## Amazon Reviews Data Preprocessing  

### Imports

In [147]:
import numpy as np
import pandas as pd
import nltk, re
from bs4 import BeautifulSoup as bs
import requests
import string

### The Dataset

In [148]:
# create dataframe of reviews
review_data = pd.read_csv('review_data.csv')
review_data = review_data.set_axis(['num','reviews'], axis=1)

In [149]:
# Drop Null values
review_data.drop('num',axis=1, inplace=True)
review_data.dropna(inplace=True)

In [150]:
review_data.shape

(477, 1)

In [151]:
review_data

Unnamed: 0,reviews
0,Let me start by saying I’ve got a Master’s de...
1,These are awesome! I should’ve bought the smal...
2,I wanted to mount a Sonos speaker in my bathro...
3,I love these floating bookshelves.

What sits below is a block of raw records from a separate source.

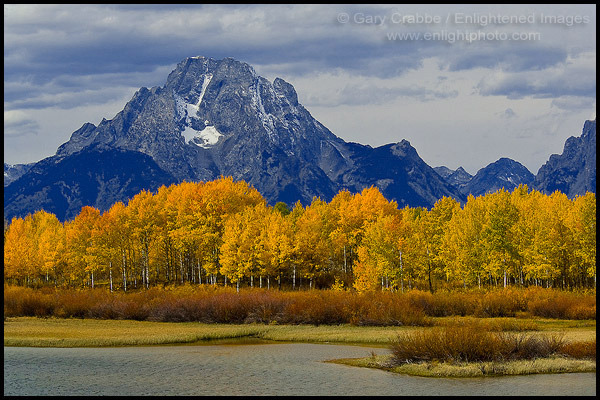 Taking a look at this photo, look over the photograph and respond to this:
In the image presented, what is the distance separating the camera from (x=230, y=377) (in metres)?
37.3

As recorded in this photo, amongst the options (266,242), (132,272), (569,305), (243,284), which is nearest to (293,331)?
(569,305)

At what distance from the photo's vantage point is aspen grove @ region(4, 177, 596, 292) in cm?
8350

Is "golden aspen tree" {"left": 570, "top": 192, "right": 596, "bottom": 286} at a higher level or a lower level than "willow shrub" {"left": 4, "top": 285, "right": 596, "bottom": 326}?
higher

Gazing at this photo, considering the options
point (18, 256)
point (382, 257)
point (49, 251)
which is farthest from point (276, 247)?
point (18, 256)

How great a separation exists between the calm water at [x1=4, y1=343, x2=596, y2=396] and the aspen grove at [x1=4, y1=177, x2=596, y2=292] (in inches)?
1574

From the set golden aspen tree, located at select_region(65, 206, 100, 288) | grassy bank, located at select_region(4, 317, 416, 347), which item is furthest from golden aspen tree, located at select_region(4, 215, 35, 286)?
grassy bank, located at select_region(4, 317, 416, 347)

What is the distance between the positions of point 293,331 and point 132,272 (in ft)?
213

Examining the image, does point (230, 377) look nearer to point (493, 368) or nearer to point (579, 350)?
point (493, 368)

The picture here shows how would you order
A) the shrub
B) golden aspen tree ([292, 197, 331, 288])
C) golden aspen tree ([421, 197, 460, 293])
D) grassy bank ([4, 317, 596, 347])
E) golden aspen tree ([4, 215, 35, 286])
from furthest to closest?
golden aspen tree ([4, 215, 35, 286]), golden aspen tree ([292, 197, 331, 288]), golden aspen tree ([421, 197, 460, 293]), grassy bank ([4, 317, 596, 347]), the shrub

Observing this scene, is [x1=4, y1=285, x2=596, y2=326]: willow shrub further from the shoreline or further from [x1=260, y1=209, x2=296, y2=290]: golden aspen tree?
[x1=260, y1=209, x2=296, y2=290]: golden aspen tree

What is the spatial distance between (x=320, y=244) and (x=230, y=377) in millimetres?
59351

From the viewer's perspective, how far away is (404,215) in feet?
330

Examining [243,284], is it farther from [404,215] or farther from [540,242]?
[540,242]

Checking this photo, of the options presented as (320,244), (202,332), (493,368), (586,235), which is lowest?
(202,332) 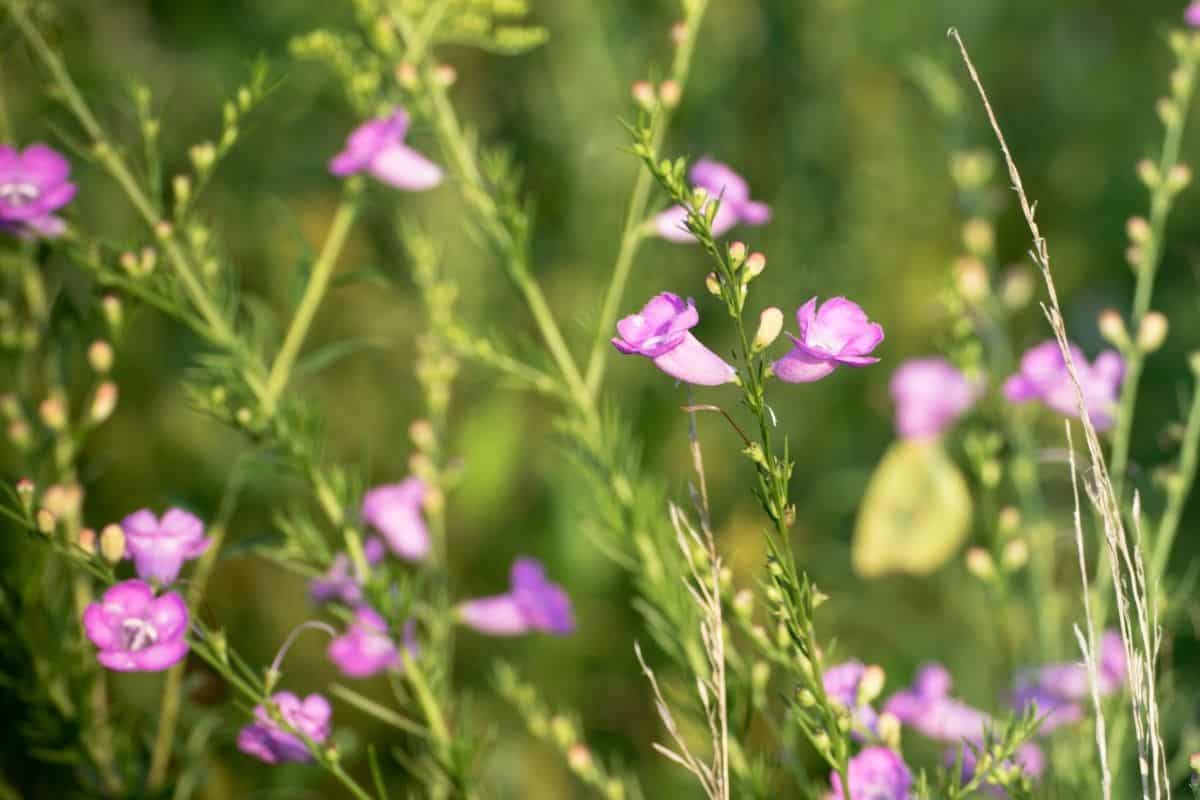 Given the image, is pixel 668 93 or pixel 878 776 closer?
pixel 878 776

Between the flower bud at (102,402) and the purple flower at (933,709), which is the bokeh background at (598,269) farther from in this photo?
the flower bud at (102,402)

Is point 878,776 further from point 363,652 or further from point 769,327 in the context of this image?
point 363,652

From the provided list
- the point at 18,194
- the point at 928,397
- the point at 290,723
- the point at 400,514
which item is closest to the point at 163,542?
the point at 290,723

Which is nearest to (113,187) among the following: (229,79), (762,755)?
(229,79)

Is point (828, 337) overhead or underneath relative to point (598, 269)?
overhead

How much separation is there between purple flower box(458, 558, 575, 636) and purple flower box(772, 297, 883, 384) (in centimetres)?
78

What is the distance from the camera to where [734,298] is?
0.91 meters

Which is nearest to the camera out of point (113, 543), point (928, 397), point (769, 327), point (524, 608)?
point (769, 327)

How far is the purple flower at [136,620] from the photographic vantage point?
107cm

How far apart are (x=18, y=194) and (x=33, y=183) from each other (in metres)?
0.02

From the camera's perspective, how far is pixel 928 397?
87.4 inches

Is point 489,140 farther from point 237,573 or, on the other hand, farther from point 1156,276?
point 1156,276

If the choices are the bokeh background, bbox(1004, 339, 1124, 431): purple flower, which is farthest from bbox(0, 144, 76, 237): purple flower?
bbox(1004, 339, 1124, 431): purple flower

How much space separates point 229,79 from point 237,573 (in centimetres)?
138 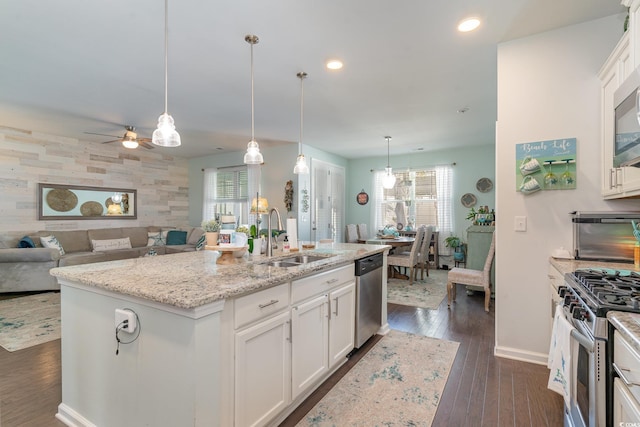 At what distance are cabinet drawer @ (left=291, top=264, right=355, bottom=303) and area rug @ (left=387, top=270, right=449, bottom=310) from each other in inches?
78.3

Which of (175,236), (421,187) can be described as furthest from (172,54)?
(421,187)

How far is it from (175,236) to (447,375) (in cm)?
606

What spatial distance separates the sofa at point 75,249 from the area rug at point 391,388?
4.21m

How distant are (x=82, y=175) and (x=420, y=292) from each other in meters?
6.64

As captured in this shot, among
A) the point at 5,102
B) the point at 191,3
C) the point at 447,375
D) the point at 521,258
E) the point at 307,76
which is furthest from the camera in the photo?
the point at 5,102

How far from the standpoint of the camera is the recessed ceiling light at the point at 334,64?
279 cm

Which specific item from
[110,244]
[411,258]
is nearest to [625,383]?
[411,258]

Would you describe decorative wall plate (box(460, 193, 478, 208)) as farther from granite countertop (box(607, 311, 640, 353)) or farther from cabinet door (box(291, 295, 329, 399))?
granite countertop (box(607, 311, 640, 353))

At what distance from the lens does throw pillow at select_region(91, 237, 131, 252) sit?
555cm

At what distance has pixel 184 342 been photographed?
125 cm

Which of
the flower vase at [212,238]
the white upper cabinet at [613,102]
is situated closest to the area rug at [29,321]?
the flower vase at [212,238]

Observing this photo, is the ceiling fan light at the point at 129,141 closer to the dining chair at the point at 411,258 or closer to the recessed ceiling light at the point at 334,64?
the recessed ceiling light at the point at 334,64

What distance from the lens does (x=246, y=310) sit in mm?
1483

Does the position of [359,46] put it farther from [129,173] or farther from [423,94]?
[129,173] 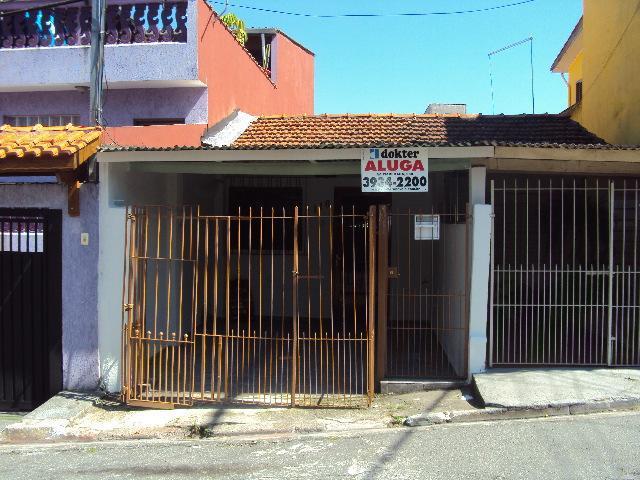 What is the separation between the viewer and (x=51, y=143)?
21.2ft

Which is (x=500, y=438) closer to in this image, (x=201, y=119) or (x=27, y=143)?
(x=27, y=143)

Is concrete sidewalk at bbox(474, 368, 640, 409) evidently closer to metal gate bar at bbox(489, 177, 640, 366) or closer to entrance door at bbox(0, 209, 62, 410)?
metal gate bar at bbox(489, 177, 640, 366)

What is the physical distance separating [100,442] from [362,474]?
2678 millimetres

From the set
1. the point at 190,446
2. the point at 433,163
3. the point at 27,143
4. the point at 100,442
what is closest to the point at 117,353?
the point at 100,442

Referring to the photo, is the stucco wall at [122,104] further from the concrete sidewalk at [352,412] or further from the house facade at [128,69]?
the concrete sidewalk at [352,412]

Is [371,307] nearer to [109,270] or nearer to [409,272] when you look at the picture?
[409,272]

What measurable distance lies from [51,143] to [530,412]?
5880 millimetres

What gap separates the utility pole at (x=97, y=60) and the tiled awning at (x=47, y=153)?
3.52ft

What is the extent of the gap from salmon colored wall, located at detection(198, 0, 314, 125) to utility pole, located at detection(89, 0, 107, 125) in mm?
2299

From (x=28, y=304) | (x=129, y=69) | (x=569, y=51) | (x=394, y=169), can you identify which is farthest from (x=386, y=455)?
(x=569, y=51)

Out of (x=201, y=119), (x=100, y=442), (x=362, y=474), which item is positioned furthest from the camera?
(x=201, y=119)

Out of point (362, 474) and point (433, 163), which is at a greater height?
point (433, 163)

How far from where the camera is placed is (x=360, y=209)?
36.5 feet

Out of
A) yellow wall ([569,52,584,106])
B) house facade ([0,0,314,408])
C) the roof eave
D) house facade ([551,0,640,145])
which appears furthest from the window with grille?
yellow wall ([569,52,584,106]) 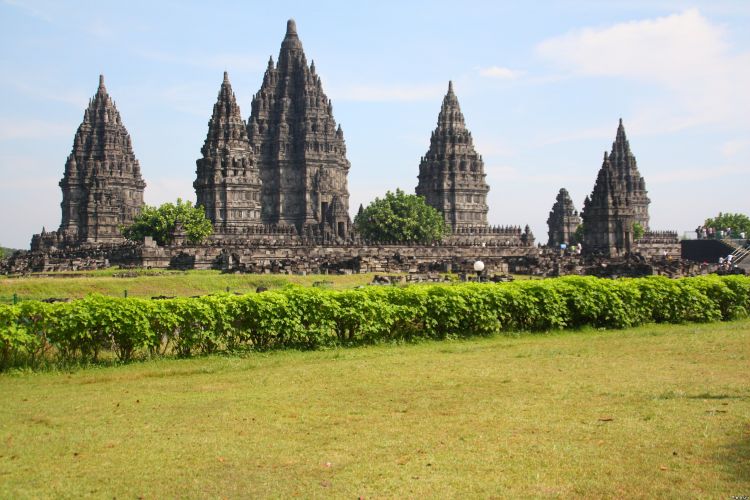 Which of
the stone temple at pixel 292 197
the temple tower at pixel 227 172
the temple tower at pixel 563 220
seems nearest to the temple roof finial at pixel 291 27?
the stone temple at pixel 292 197

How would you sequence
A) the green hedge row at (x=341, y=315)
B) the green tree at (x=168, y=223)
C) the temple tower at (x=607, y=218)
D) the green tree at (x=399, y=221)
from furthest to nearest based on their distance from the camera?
the green tree at (x=399, y=221) < the temple tower at (x=607, y=218) < the green tree at (x=168, y=223) < the green hedge row at (x=341, y=315)

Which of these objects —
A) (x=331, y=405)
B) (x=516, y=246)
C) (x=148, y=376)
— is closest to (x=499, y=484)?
(x=331, y=405)

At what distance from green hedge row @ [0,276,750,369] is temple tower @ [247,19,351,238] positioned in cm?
7236

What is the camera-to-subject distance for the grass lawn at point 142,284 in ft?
135

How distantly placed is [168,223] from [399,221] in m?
24.2

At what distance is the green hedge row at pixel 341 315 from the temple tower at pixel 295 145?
7236 cm

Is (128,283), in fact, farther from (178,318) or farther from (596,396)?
(596,396)

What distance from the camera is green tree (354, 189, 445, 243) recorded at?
8738 cm

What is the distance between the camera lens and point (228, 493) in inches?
385

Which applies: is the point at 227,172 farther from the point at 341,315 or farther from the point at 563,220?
the point at 341,315

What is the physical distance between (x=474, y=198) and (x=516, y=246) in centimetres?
2392

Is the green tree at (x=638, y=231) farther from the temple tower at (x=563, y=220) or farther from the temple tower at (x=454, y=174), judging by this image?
the temple tower at (x=454, y=174)

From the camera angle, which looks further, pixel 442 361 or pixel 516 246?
pixel 516 246

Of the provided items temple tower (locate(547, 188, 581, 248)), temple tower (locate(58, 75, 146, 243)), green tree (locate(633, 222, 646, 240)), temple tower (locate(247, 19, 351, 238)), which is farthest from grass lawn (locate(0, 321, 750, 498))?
temple tower (locate(547, 188, 581, 248)) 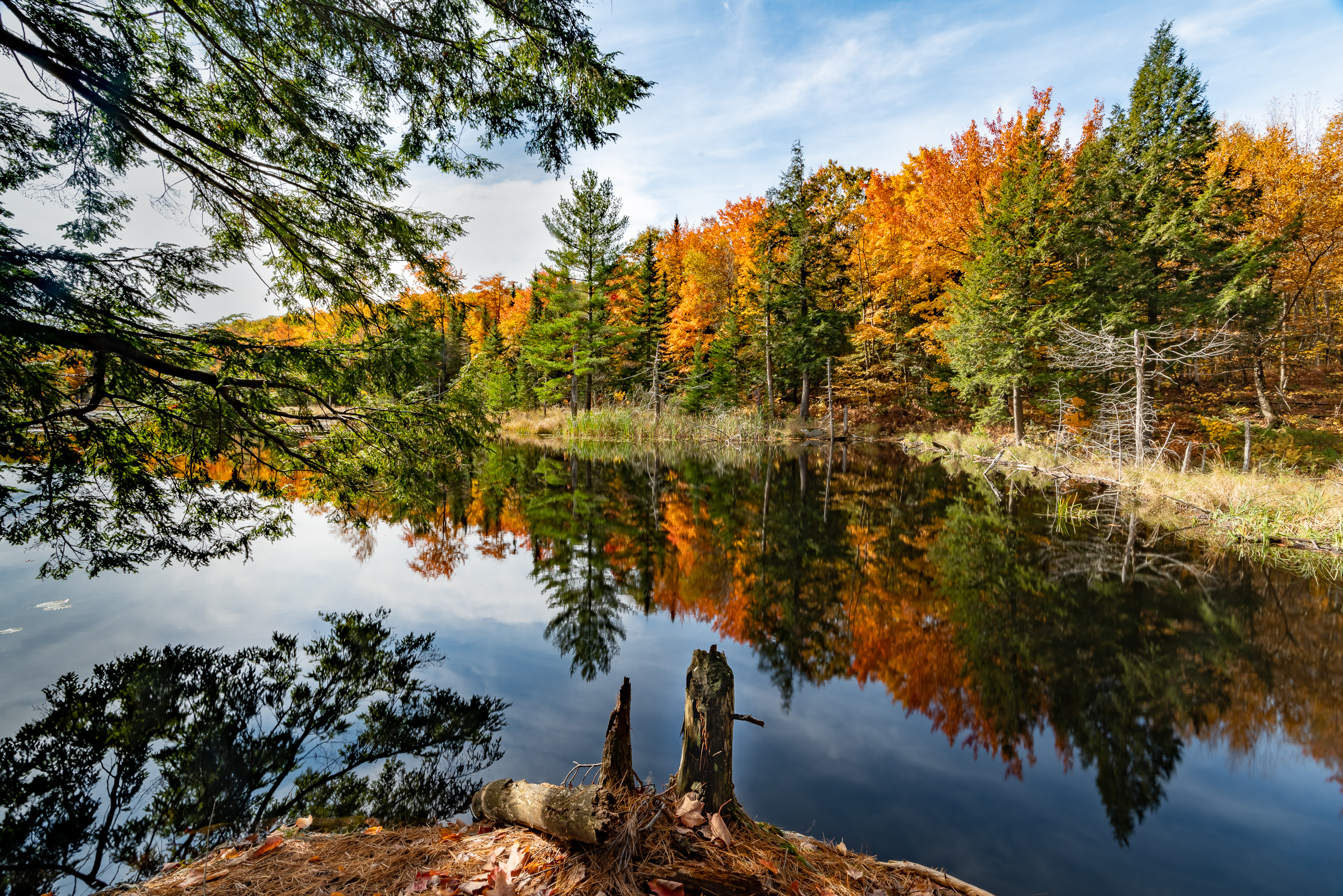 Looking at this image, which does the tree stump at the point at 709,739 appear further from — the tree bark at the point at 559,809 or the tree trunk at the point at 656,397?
the tree trunk at the point at 656,397

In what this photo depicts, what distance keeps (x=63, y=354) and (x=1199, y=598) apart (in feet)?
35.7

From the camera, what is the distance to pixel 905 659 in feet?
14.9

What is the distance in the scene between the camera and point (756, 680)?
429 centimetres

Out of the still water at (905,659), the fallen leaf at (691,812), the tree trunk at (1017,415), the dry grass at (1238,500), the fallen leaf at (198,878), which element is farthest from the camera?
the tree trunk at (1017,415)

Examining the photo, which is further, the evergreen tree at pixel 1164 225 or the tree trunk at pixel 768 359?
the tree trunk at pixel 768 359

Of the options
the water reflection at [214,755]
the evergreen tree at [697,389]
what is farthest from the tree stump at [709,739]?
the evergreen tree at [697,389]

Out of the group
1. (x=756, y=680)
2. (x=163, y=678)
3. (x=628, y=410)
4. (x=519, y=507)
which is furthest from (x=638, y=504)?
(x=628, y=410)

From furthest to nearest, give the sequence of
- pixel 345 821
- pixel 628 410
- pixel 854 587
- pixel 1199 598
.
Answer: pixel 628 410, pixel 854 587, pixel 1199 598, pixel 345 821

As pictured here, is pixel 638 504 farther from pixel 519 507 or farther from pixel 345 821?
pixel 345 821

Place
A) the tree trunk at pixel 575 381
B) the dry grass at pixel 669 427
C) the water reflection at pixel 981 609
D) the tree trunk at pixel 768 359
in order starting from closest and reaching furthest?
the water reflection at pixel 981 609 → the tree trunk at pixel 768 359 → the dry grass at pixel 669 427 → the tree trunk at pixel 575 381

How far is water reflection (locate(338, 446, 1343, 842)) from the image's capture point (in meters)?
3.64

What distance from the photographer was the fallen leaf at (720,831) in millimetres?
1794

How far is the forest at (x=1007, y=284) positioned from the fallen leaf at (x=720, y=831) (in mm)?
12065

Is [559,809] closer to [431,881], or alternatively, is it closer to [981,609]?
[431,881] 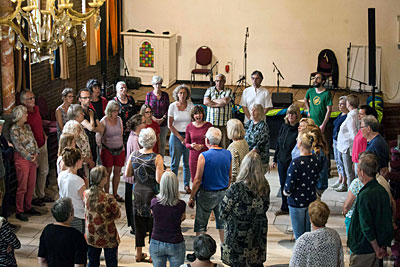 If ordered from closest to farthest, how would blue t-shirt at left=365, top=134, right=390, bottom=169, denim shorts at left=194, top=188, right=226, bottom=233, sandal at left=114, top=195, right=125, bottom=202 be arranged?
denim shorts at left=194, top=188, right=226, bottom=233
blue t-shirt at left=365, top=134, right=390, bottom=169
sandal at left=114, top=195, right=125, bottom=202

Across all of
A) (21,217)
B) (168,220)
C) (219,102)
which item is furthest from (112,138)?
(168,220)

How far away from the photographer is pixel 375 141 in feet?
21.8

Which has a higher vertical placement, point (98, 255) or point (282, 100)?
point (282, 100)

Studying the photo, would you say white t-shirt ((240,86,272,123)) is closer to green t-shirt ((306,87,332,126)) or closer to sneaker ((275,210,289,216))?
green t-shirt ((306,87,332,126))

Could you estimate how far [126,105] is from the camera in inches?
345

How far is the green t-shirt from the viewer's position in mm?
9258

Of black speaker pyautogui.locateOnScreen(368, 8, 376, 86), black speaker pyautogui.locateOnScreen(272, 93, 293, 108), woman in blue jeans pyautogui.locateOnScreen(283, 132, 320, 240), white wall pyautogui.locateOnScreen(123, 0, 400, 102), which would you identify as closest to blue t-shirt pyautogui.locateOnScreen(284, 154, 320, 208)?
woman in blue jeans pyautogui.locateOnScreen(283, 132, 320, 240)

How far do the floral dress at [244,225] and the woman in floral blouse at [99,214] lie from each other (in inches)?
37.2

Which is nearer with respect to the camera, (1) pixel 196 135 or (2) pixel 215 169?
(2) pixel 215 169

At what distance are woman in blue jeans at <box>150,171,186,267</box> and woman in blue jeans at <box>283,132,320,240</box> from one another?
1291 mm

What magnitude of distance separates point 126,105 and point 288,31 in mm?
7076

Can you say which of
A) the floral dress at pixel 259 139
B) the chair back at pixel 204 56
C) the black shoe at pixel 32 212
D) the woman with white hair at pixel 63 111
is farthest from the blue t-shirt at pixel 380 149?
the chair back at pixel 204 56

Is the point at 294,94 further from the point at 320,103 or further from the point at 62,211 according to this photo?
the point at 62,211

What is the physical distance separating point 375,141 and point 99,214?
304cm
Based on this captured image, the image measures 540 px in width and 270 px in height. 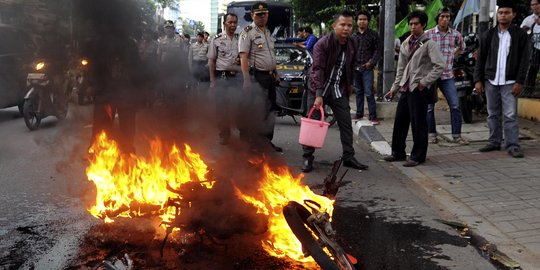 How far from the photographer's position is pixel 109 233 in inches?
166

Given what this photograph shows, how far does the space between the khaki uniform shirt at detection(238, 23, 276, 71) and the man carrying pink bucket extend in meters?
0.81

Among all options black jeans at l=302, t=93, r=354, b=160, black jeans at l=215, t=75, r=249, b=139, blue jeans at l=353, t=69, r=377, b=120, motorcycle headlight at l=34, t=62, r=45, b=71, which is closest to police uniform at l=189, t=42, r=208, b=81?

They give a...
4,"This is the coolest thing I’ve ever seen , and..."
...,...
474,"This is the coolest thing I’ve ever seen , and..."
475,I know that this is labeled a bookshelf but I ...
476,Really wanted to give 5 stars Because i am in ...
477,Been needing more book storage and I wanted a ...


### Data Preprocessing
#### Remove Punctuations

In [152]:
# defining the function to remove punctuation
def remove_punctuation(text):
    punctuationfree="".join([i for i in text if i not in string.punctuation])
    return punctuationfree

# storing the puntuation free text
review_data['clean_data']= review_data['reviews'].apply(lambda x:remove_punctuation(x))
review_data.head()

Unnamed: 0,reviews,clean_data
0,Let me start by saying I’ve got a Master’s de...,Let me start by saying I’ve got a Master’s de...
1,These are awesome! I should’ve bought the smal...,These are awesome I should’ve bought the small...
2,I wanted to mount a Sonos speaker in my bathro...,I wanted to mount a Sonos speaker in my bathro...
3,I love these floating bookshelves. They give a...,I love these floating bookshelves They give a ...
4,"This is the coolest thing I’ve ever seen , and...",This is the coolest thing I’ve ever seen and ...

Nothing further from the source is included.